The Bankruptcy Code in Section 1113 also provides that a debtor in possession cannot ignore… cannot escape the provisions of his labor contract unless he follows particular procedures that could not be followed in this case without risking a destructive strike.

Antonin Scalia:

But none of this was literally impaired.

You… you were entitled to adhere to the provisions of the contract that you had negotiated to.

The only thing is who is going to pay for the whole thing?

This agency didn’t prevent you from negotiating a contract, is not preventing you from abiding by the contract.

The only question is whether the fund is going to foot the bill.

That’s all.

Lewis B. Kaden:

On, no.

Indeed, we did.

No one is asking them to pay the cost of the replacement benefits.

We were prepared to pay that $70 million ourselves and we negotiated concessions of $50 million to offset that cost.

And the bankruptcy court, as Justice White indicated, approved that in order to preserve the estate for… for reorganization.

But it was essential for us to negotiate that in the free arena of collective bargaining, as required by those laws.

This agency’s abuse policy says when you negotiate that replacement benefit for retirees thou shalt not obey the principle of seniority.

Now, in our labor history, the principle of seniority is an important one.

It’s recognized explicitly in the Military Service Act and the Veterans Act.

It’s recognized in their own statute.

Byron R. White:

Now, what would… what would the… what would the… what would you have to pay that you weren’t going to pay… when they reinstated the old plan, what extra obligation came onto LTV?

Lewis B. Kaden:

If they were successful in reinstating the plan, two things might happen, and it turns on whether the contributions are owing or not by a debtor in possession, whether they are pre-petition obligations or not.

There’s no question that with the passage of time the unfunded liability in these plans is now over $3 billion, and if they were returned to us today, the question is do we have to make those contributions?

If we do, our creditors would be forced under the Bankruptcy Code to evaluate whether liquidation was better than paying that bill.

In liquidation, the plans would automatically be reterminated under Section 4041 of ERISA, under the voluntary termination standards.

By contrast, if we didn’t have to pay those contributions because they were pre-petition obligations, as the Second Circuit noted, then the largest of these plans would have to be reterminated immediately because it has no assets today, and that is clear if one calculates out from the… from the record.

So, in either event, it depends on whether it’s a pre-petition obligation, but we view it as a futile act.

But it does one thing.

It changes their claim in bankruptcy from $2 billion to $3 billion to the detriment of other creditors and to the detriment of the principle of uniformity of treatment that is part of the Bankruptcy Code.

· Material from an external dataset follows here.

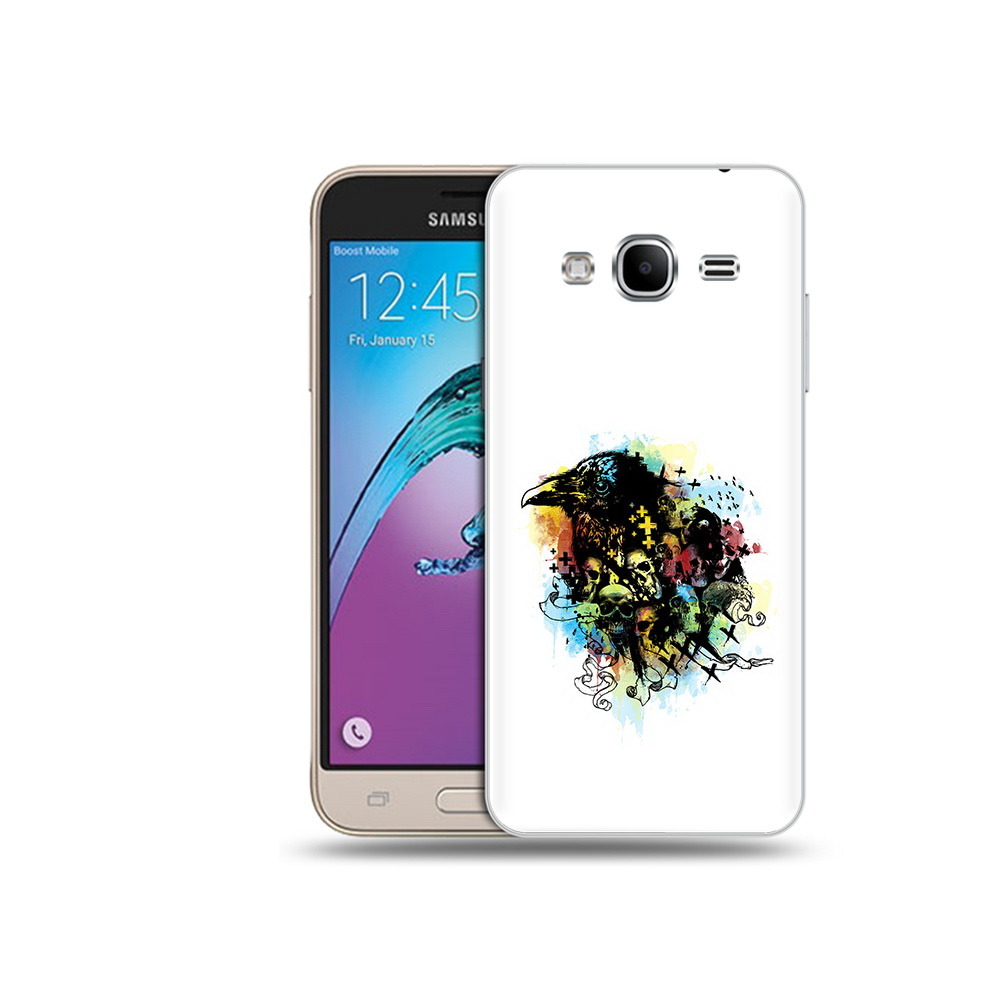 Чехол MyPads Tocco для Samsung Galaxy J3 (2016) ворон и черепа (PT29089.580.273), Прозрачный, Tocco
Чехол MyPads Tocco для Samsung Galaxy J3 (2016) ворон и черепа (PT29089.580.273), Прозрачный, Tocco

The result of this manipulation, if they’re able to do it, is that they get a $3 billion claim.

Today they have a $2 billion claim.

Those large claims get satisfied in a reorganization, if it can be reorganized, only they get more and everyone else, all other creditors get less.

And the result is they’ve used the restoration procedure to manipulate the Bankruptcy Code.

Lewis B. Kaden:

We don’t think Congress, in trying to sort out the tensions between ERISA, the Bankruptcy Code and the Labor Act ever contemplated that kind of manipulation.

Let me turn now to the financial–

Sandra Day O’Connor:

And why is it that it increases what they can collect from 2 to 3 billion?

Lewis B. Kaden:

–If the plan were restored today and then had to be immediately reterminated because it was out of assets or because the bankruptcy court found that a new termination was necessary to avoid liquidation, the only consequence of that successful restoration would be to manipulate the recoveries in that… in that fashion.

Sandra Day O’Connor:

Well, why–

Lewis B. Kaden:

We don’t think the harmonizing of those three statutes could have intended that result.

William H. Rehnquist:

–Why, Mr. Kaden, does it go from $2 million to $3 million?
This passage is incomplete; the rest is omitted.